Firstly, I should clarify that retirement lump sum payments under public service pension schemes were not directly reduced by the Financial Emergency Measure in the Public Interest (FEMPI) legislation. The FEMPI legislation implemented measures that directly reduced the pay of serving staff and introduced a Public Service Pension Reduction for pensions in payment, subject to certain rates, thresholds and exemptions. As both the annual pensions and lump sum payments of members of pre-existing public service pension schemes (i.e. excluding the Single Public Service Pension Scheme) are directly linked to salary at retirement, the reductions to the pay of public servants would have had a knock on impact on the lump sum payment they received at retirement.
However, because of what is known as the first ‘grace period’, those who retired between 1 January 2010 and 29 February 2012 did not have the first FEMPI pay reduction (imposed 1 January 2010) reflected in the salary rate used to calculate their annual pension or their lump sum. A second round of FEMPI reductions was imposed in 2013 (imposed on 1 July on public servants with an annual remuneration above €65,000). The second ‘grace period’ meant that those who retired from that point onwards (assuming their pay was affected by those reductions while still serving) did not have those reductions reflected in the salary rate used to calculate their annual pension or lump sum.
Rather than enter into the details of the individual case, which, as I say, is a matter for the Minister for Justice and Equality, I would note that where retirement occurred after 1 March 2012, the retirement lump sum would be calculated by reference to the salary rates in payment on 1 January 2010 (i.e. following the first FEMPI pay reduction).
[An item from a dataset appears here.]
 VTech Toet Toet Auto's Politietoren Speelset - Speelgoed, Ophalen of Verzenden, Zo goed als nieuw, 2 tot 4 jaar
If the salary was subject to the second FEMPI reduction on 1 July 2013, the operation of the second grace period would mean that the lump sum would still have been calculated by reference to the 1 January 2010 rate.
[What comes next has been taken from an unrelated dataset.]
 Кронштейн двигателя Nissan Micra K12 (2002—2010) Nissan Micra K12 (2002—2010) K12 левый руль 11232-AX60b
In accordance with normal public service pension arrangements, retirement lump sums are calculated on the rates of salary that a public servant is in receipt of at time of retirement (with the exception of the 'grace period' protection I have described above). I have no proposals to make any change in this regard.
Secondly, in relation to pension increases, the current policy applying to pensions paid under pre-existing pension schemes was agreed by the Government as part of the Public Service Stability Agreement 2018-2020 (PSSA). This policy is essentially a time-limited (expires end-2020) resumption of the non-statutory pension increase arrangements, sometimes known as pay parity, which formerly prevailed, but which lapsed in 2010. Under that policy, pay increases applied to serving staff over the course of the PSSA are passed on to those annual pensions where the salary on which the annual pension is based, in any case, does not exceed the salary of a serving staff member with the same grade and scale point, after the pay increase has been applied. If it qualifies, the annual pension is eligible for an increase to the extent that this will ensure alignment with the pay of serving staff.
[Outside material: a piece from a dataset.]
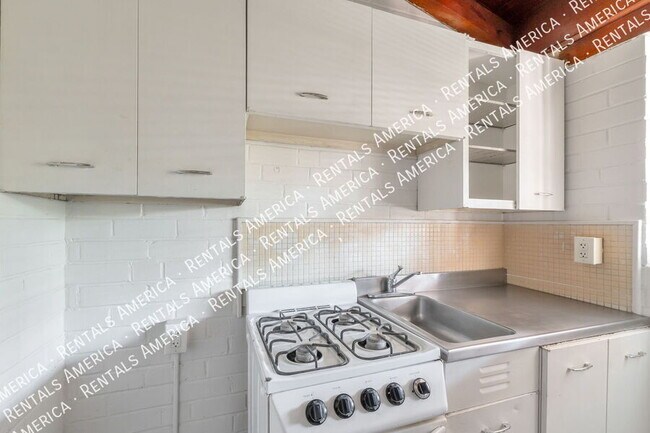 Foto del edificio - 947 N Alvernon Way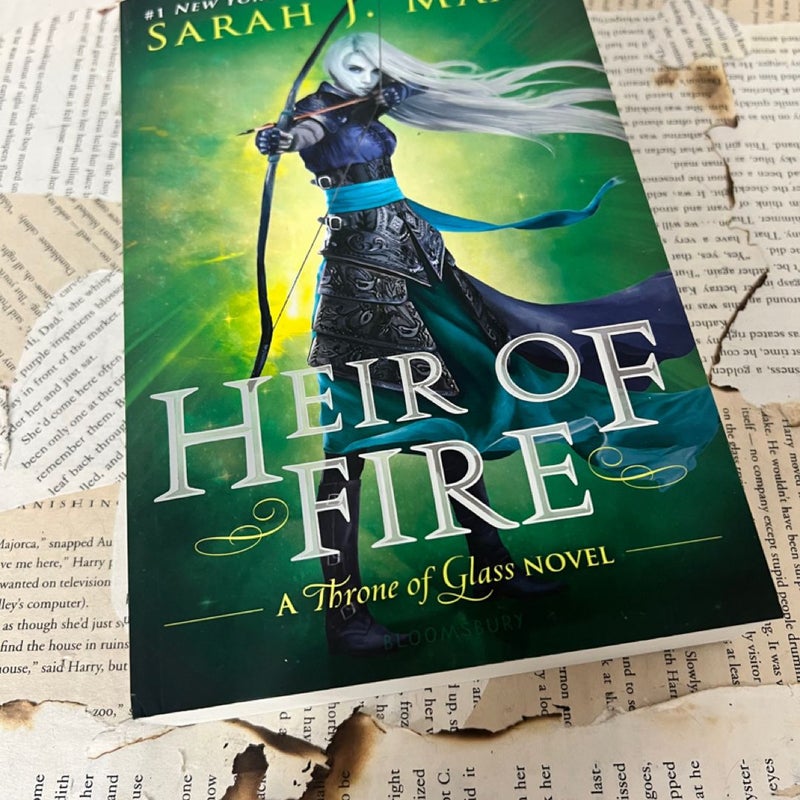 Heir of Fire - Sarah J. Maas (Bloomsbury, 2014) OOP trade paperback edition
Guidance on operation of the pension increase policy is set out in my Department’s Circular 02/2018, while further instructions have recently been issued in Circular 19/2019.
Finally, if the pension in question remains subject to the Public Service Pension Reduction (PSPR), the individual will qualify for a further lessening of its impact, or, indeed, its total removal in 2019 or 2020. The Deputy should also note that, no later than 31 December 2020, I will make an order which will specify a date for the full removal of PSPR from the residual group of PSPR-affected pensions.